蜂巣: 視線だけにこだわる必要はありません。例えば、発汗、体温、汗、脳波、唾液、心拍――こうした情報を一緒に分析することで、人の心が深く見えてくるでしょうね。これが実現すると、何も質問しなくても、何も選ばせなくても、「この人は『A』が好きなんだな」といった感じで分かるかもしれない。さらに分析が進むと、「この人は、今後こういうことをする」と行動予測まで分かるかもしれない。
土肥: なんだかスゴい話になってきましたが、ひょっとしてもう実験とかされていますか?
蜂巣: 一部で、始めていますね。例えば、目から入ってきた情報を、脳はどのような反応を示すのか、といった形で研究が進んでいます。脳ばかり見ても、人間が何を見たのかが分からないと、分析することは難しい。

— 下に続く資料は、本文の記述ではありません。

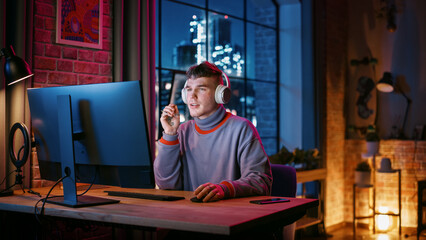 Leinwandbilder - Young Handsome Man in Headphones Using Computer in Stylish Loft Apartment at Night. Creative Male Working from Home, Browsing Internet and Social Media. Urban City View from Big Window.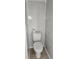 Tight view of a clean, white toilet in a small restroom with tiled walls at 6702 Jefferson Jefferson Pl. # F2, Myrtle Beach, SC 29572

なので目と脳の研究は、今後も進んでいくでしょう。
あ、そうそう。近い将来、人の視線データはもっと大量に取得できる時代がやって来ると思います。
土肥: どういうことでしょうか?
蜂巣: すでに市販のPCの一部には、視線で画面を動かすことができる部品を供給しています。今後、PCだけでなく、他の家電製品にもこの機能が搭載されると、人の視線データがどんどん増えていく。さらに、Google Glassなどウェアラブル端末を使った人のデータも集めることができるようになると、いろいろなことが分かってくるでしょう。
土肥: 人の視線は“宝の山”ということになりますね。本日はどうもありがとうございました。